WHAT TO DO
When writing out the entries below, keep only the lines from the line with "This article was" to the line with "For this problem, a", both included, exactly as they are, and leave the pictures aside.

RECORDED INFORMATION
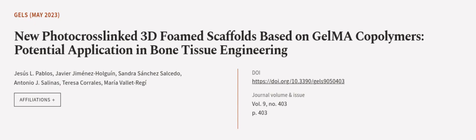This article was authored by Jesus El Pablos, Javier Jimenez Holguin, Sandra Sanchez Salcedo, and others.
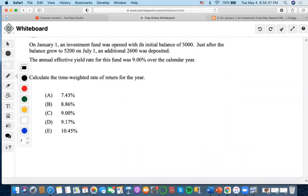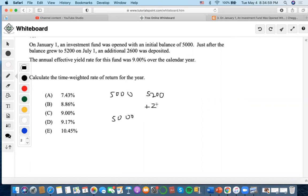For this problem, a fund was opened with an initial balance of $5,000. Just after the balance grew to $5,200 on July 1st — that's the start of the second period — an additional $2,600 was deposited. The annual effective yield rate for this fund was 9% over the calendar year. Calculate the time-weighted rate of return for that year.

* * *

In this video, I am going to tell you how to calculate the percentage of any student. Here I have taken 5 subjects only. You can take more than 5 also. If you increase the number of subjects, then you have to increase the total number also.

EXERCISE RESPONSE
This article was authored by Jesus El Pablos, Javier Jimenez Holguin, Sandra Sanchez Salcedo, and others.
For this problem, a fund was opened with an initial balance of $5,000. Just after the balance grew to $5,200 on July 1st — that's the start of the second period — an additional $2,600 was deposited. The annual effective yield rate for this fund was 9% over the calendar year. Calculate the time-weighted rate of return for that year.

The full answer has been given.